Kürt sorunu bakımından:
İHD, Kürt sorununu daima demokrasi ve insan hakları sorunu olarak değerlendirdi. Türkiye demokrasisinin en önemli halkasıydı Kürt sorunu. Hala da öyle. Bu sorun asayiş sorunu değil. Öyle olduğu için de zor araçlarıyla değil, demokratik araç ve yöntemlerle ve barış içinde çözmek lazım. Türkiye toplumunun çoğulcu dilsel, dinsel, etnik ve kültürel dokusunu kabul etmek lazım. Farklılıkları zenginlik olarak görmek lazım. Habermas’ın dediği gibi, “Demokratik hukuk devletleri dahil edici politikalarla azınlık ve kültürel hak sorunlarını çözebilir.” Ötekileştirmeden, dahil edici politikalarla… Bu konuda tek tek nelerin yapılması gerektiğini sıralamak bu konuşma çerçevesinde olanaklı değil. Ama genel başlıklar altında, anayasal, yasal, siyasal, ekonomik, sosyal, kültürel önlemlerle çözülebilir bu sorun. Bunun için çaba göstermeli, talep etmeli, anlamaya çalışmalıyız. Barışı, hak temelli politika ve çalışmalarla inşa edebilir ve sürekliliğini sağlayabiliriz. Bunun için, Godot’yu Beklerken’de Samuel Beckett’in dediği gibi, “Her noktadan başlanabilir.”
İnsan hakları savunucularına baskılar:
İnsan hakları savunucusu, “bireysel olarak ya da başkalarıyla birlikte, insan haklarını savunmak için çalışan kişi” demektir. İnsan haklarını savunmak bir insan hakkıdır. Başkalarının haklarını savunan insan hakları savunucuları, bu savunularında hal ihlaline maruz kalabiliyorlar. Şu anda hapiste olan arkadaşlarımız var. Hepsine sevgilerimizi ve saygılarımızı gönderiyoruz.
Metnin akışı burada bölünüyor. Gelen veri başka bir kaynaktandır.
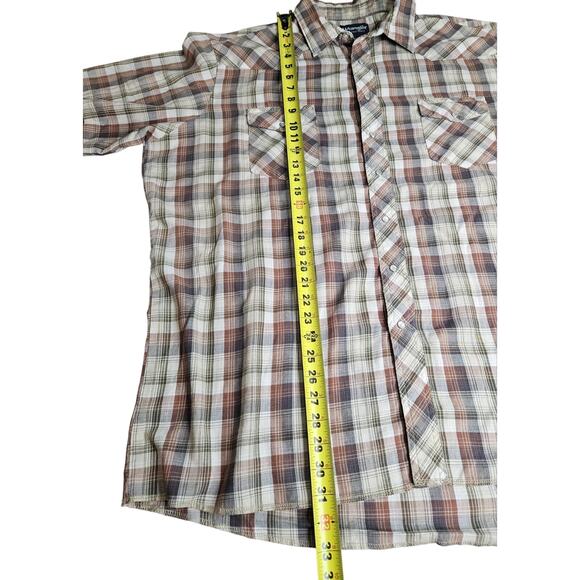Wrangler Western Retro Pearl Snap Short Sleeve Shirt Men's XXL Plaid Rodeo - Picture 6 of 7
Son iki aydaki gelişme ise ürkütücü. 2008 Ağustos ayı Adana şubemizin saymanı Hüseyin Beyaz, bir etkinliği izlemek ve gözlemde bulunmak üzere görev yaparken gözaltına alındı ve işkence ile kolu kırıldı. İzmir Şube yöneticimiz Resul Yıldız da İzmir ‘de 2008 Ekim ayında bir siyasi partinin eylemini izler ve gözlerken görevi sırasında ve görevi nedeniyle gözaltına alındı ve kaburgaları kırıldı.
Anayasa’ya dair:
AKP 2007 yılında yeni anayasa çalışmasını başlattı ve daha sonra bu çalışmayı rafa kaldırdı. Bu bölümde konuşmamızı, sürekliliğe işaret etmek üzere, önceki dönem başkanı Reyhan Yalçındağ tarafından 2. Olağanüstü Genel Kurul açış konuşmasında seslendirilen İHD görüşlerini tekrarlayarak sürdürüyoruz.
Çoğulcu bir demokrasi için ilk ele alınması gereken demokratik ve sivil bir Anayasa’nın hazırlanmasıdır. İHD, geçmiş dönemlerde de Darbe Anayasasının değiştirilip demokratik Anayasanın kabulü için kampanyalar düzenledi, etkinlikler gerçekleştirdi. Bugün yine aynı görüşlerimizi korumaktayız. Anayasa, bir bütün olarak ve tamamen değiştirilmelidir. Farklılıklarımızı zenginlik addedip koruyarak, bir arada eşit olarak nasıl yaşayacağımızın temel kurallarını belirleyen yeni bir toplumsal sözleşmeye ihtiyacımız var. Bu, Kürt sorununu çözmede anahtar olacak, tüm “öteki”leştirilenleri Türkiye’nin temel dokusu olarak görecek bir toplumsal sözleşme olmalı. Toplumsal mutabakata dayanmayan, militarist yaklaşımlar içeren, çoğulculuğu reddeden ve katılımcılığı önemli ölçüde sınırlayan 1982 Anayasası ile Türkiye’de gerçek bir demokratik düzenin kurulması, insan haklarının tam olarak güvence altına alınması ya da hukukun üstünlüğünün sağlanması mümkün değildir. Anayasa’nın sivil niteliği, içeriği kadar önemlidir. Ancak şu ana kadar AKP’nin hazırlamış olduğu Anayasa taslağının, tüm bu ihtiyaçlara cevap verecek, sorunlarımızı çözen bir sözleşme olduğunu söylemek mümkün görünmüyor. Bu bağlamda İHD olarak önümüzdeki dönemdeki taleplerimizi şöyle özetleyebiliriz:
•Hiçbir gerekçe ile temel insan haklarının özüne dokunulamayacağı anayasa kuralı olarak öngörülmelidir.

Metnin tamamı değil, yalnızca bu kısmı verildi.